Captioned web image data
═══

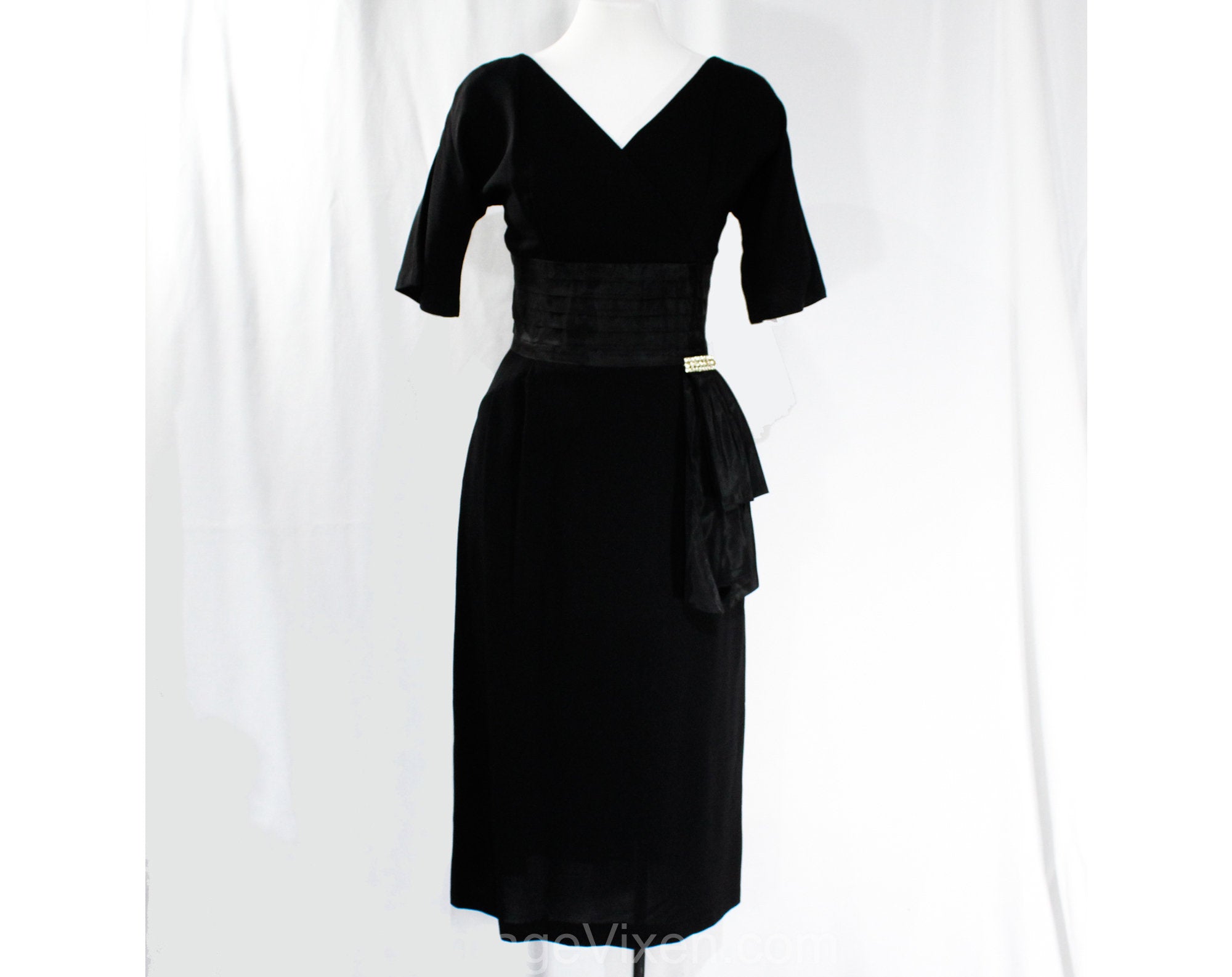 Size 6 Black 1950s Cocktail Dress - Small Marilyn Style 50s Fitted Cre Vintage Vixen Clothing Size 6 Black 1950s Cocktail Dress - Small Marilyn Style 50s Fitted Cre Vintage Vixen Clothing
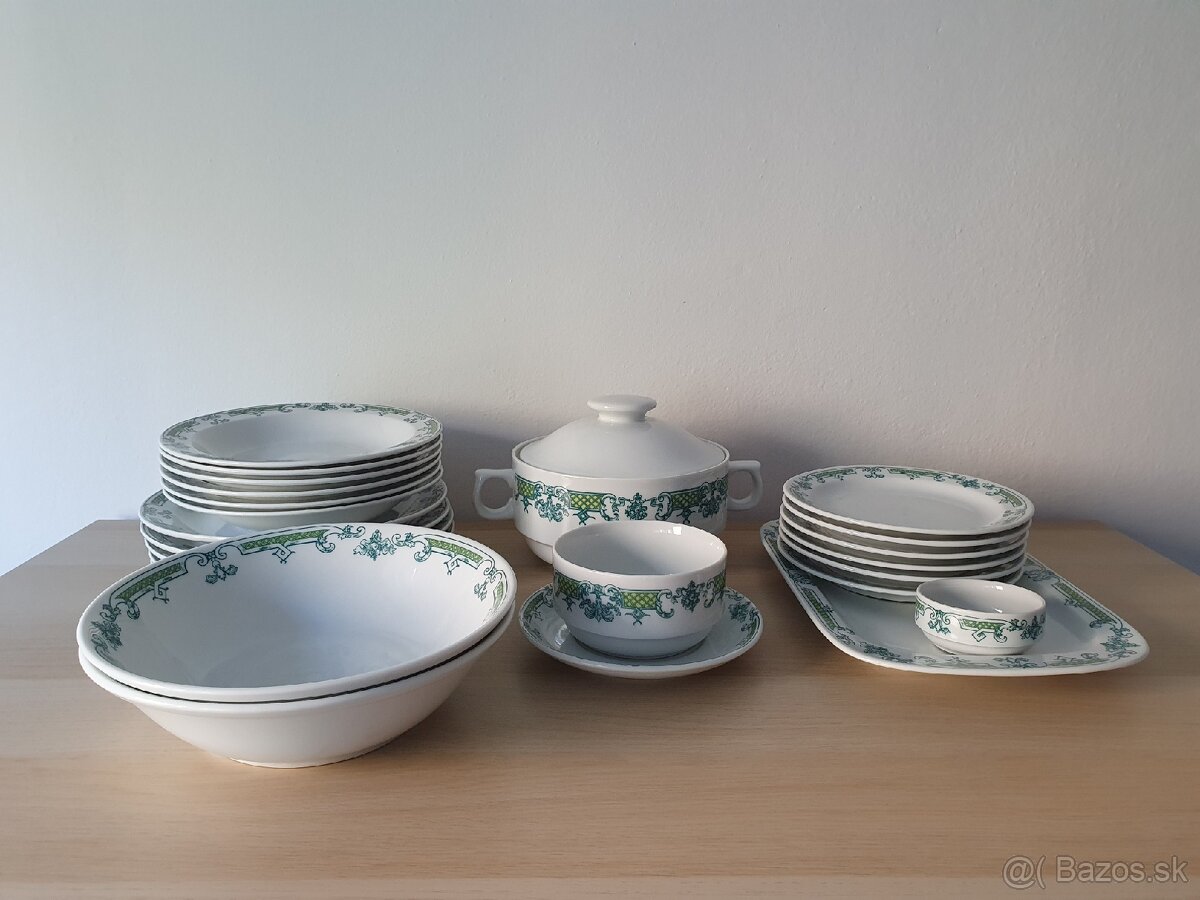 Porcelánová servírovacia sada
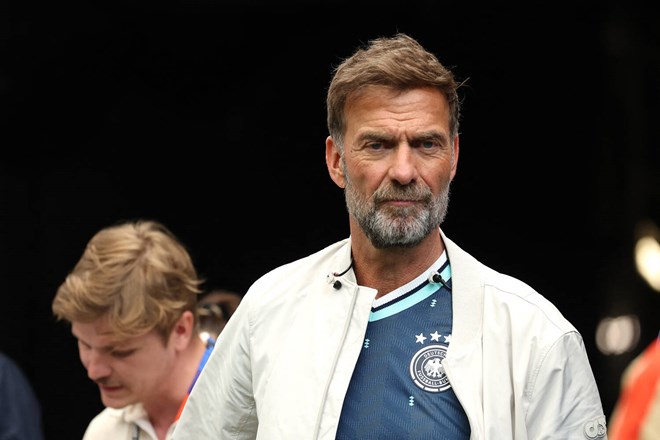 Cuộc đối đầu thú vị giữa Jurgen Klopp và Xavi Hernandez
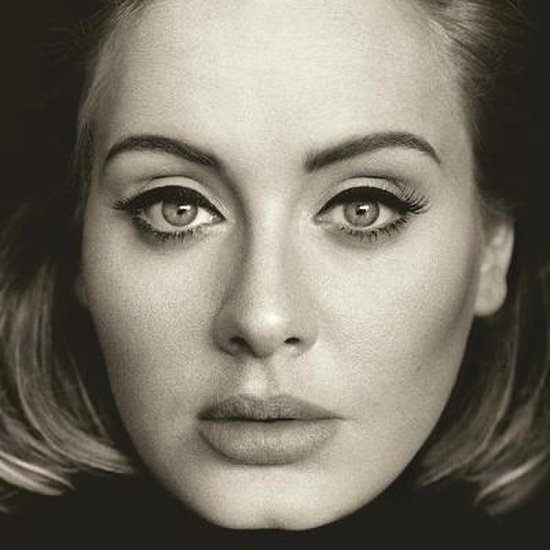 Close-up van Adele's gezicht met iconische eyeliner en haar die rond haar gezicht valt.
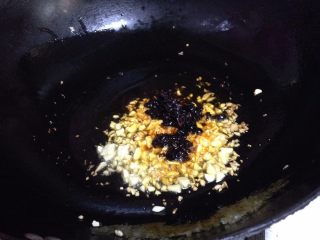 8、辣炒双菇,加入老干妈豆豉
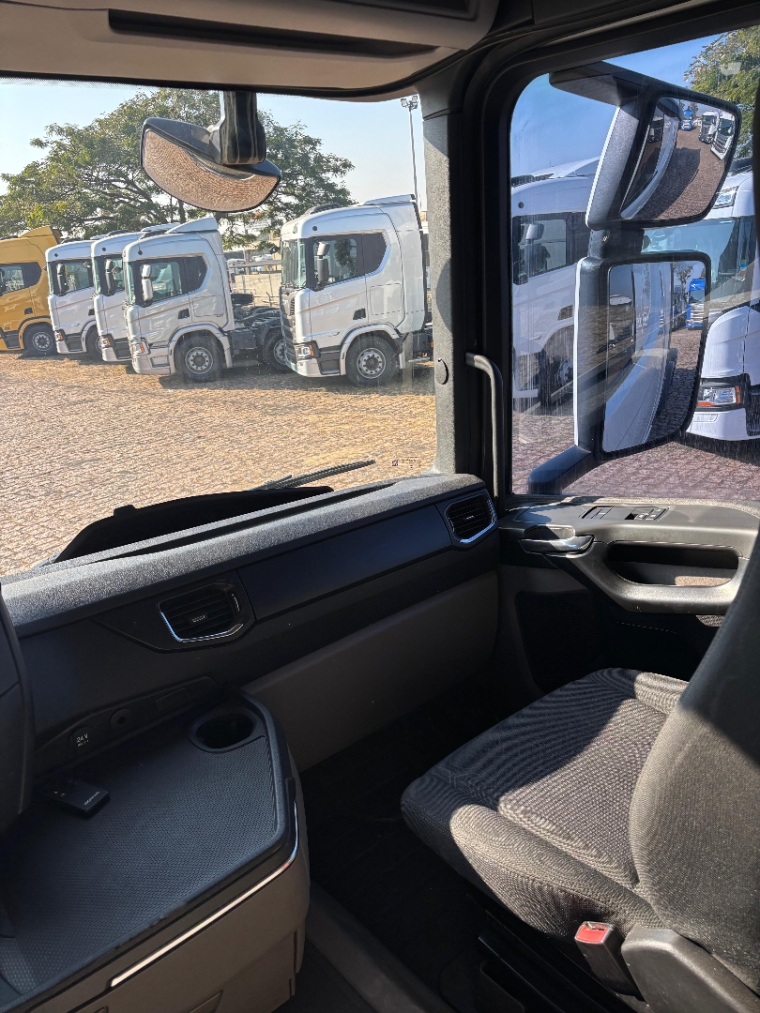 scania r450 a6x2 branca retarder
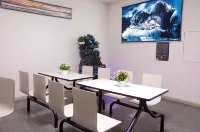 Qicheng Hotel (Shenzhen Gongming Heshuikou Metro Station Branch) - 2-نجوم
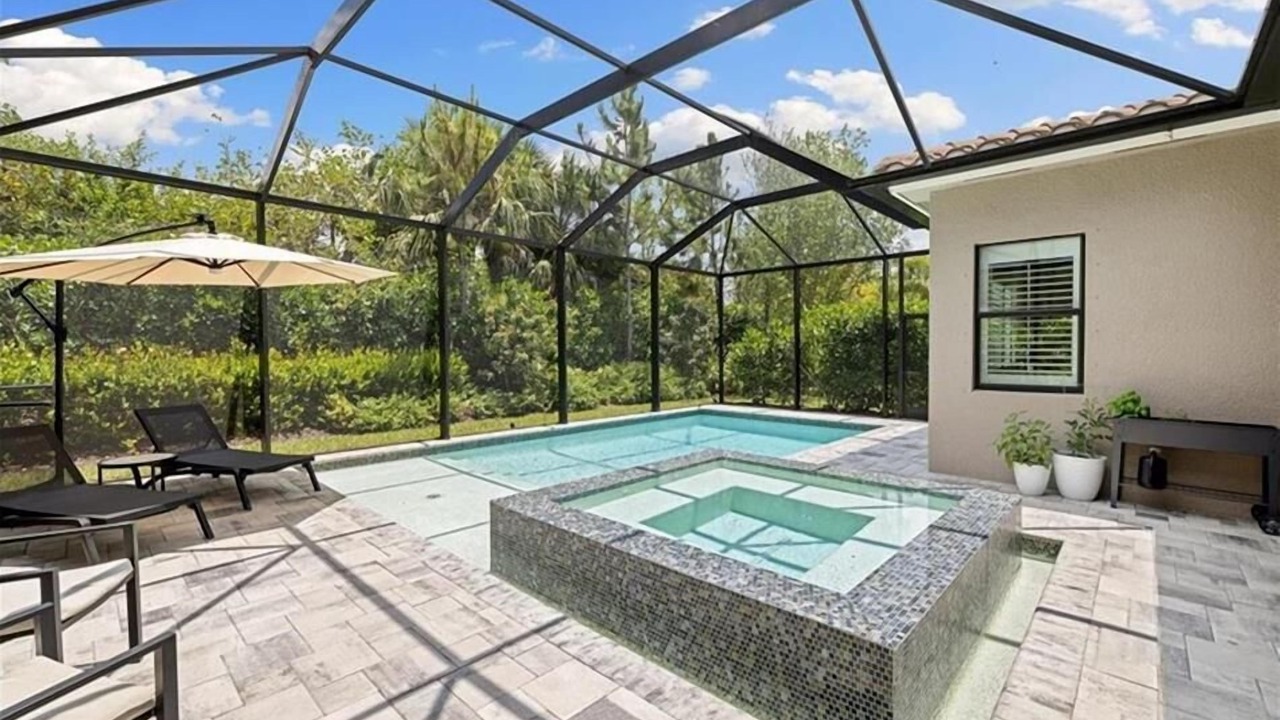 Photo of Outdoor in Naples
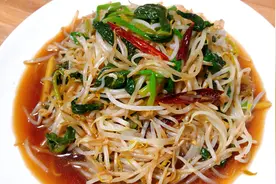 炒绿豆芽要不要焯水？原来饭店是这样做的，酸辣脆爽，开胃下饭视频封面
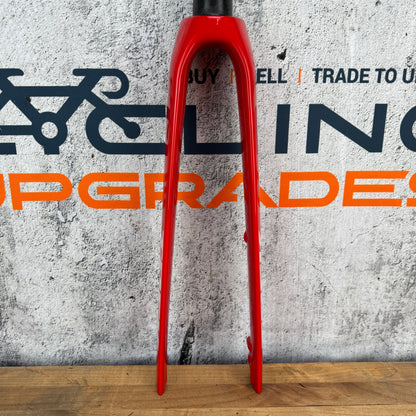 Trek Madone SLR 700c Rigid Fork Viper Red Carbon Disc Brake Thru Axle Flat-Mount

═══

TASK GOAL
Give every line above again exactly, with no pictures.

WRITTEN ANSWER
 Size 6 Black 1950s Cocktail Dress - Small Marilyn Style 50s Fitted Cre Vintage Vixen Clothing Size 6 Black 1950s Cocktail Dress - Small Marilyn Style 50s Fitted Cre Vintage Vixen Clothing
 Porcelánová servírovacia sada
 Cuộc đối đầu thú vị giữa Jurgen Klopp và Xavi Hernandez
 Close-up van Adele's gezicht met iconische eyeliner en haar die rond haar gezicht valt.
 8、辣炒双菇,加入老干妈豆豉
 scania r450 a6x2 branca retarder
 Qicheng Hotel (Shenzhen Gongming Heshuikou Metro Station Branch) - 2-نجوم
 Photo of Outdoor in Naples
 炒绿豆芽要不要焯水？原来饭店是这样做的，酸辣脆爽，开胃下饭视频封面
 Trek Madone SLR 700c Rigid Fork Viper Red Carbon Disc Brake Thru Axle Flat-Mount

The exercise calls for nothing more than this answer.